Prospects for socialist revolution in the United States
(Books of the Month column)
 
Below is an excerpt from The Long View of History, one of Pathfinder's Books of the Month for April. Author George Novack explains why the struggle of working people for an end to oppression and exploitation is a realistic perspective built on sound scientific foundations, and why revolutionary change is fundamental to social and cultural progress. Copyright © 1960 by Pathfinder Press. Reprinted by permission.

BY GEORGE NOVACK  
The industrial age was launched around the beginning of the nineteenth century with the application of steam power to the first mechanized processes, concentrating large numbers of wage workers into factories.
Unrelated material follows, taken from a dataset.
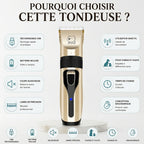 Tondeuse professionnelle pour chien et chat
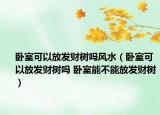 臥室可以放發(fā)財(cái)樹(shù)嗎風(fēng)水（臥室可以放發(fā)財(cái)樹(shù)嗎 臥室能不能放發(fā)財(cái)樹(shù)）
The capitalist captains of this large-scale industry became masters of the field of production and later of entire countries and continents as their riches, their legions of wage laborers, social and political power, swelled to majestic proportions.
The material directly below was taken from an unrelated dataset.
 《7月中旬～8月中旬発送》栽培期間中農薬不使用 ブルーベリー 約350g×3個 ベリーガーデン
This vigorous, expanding, progressive, confident, competitive stage of industrial capitalism dominated the nineteenth century. It passed over into the monopoly-ridden capitalism of the twentieth century, which has carried all the basic tendencies of capitalism, and especially its most reactionary features, to extremes in economic, political, cultural, and international relations. While the processes of production have become more centralized, more rationalized, more socialized, the means of production and the wealth of the world have become concentrated in giant financial and industrial combines. So far as the capitalist sectors of society are involved, this process has been brought to the point where the capitalist monopolies of a single country, the U.S., dictate to all the rest.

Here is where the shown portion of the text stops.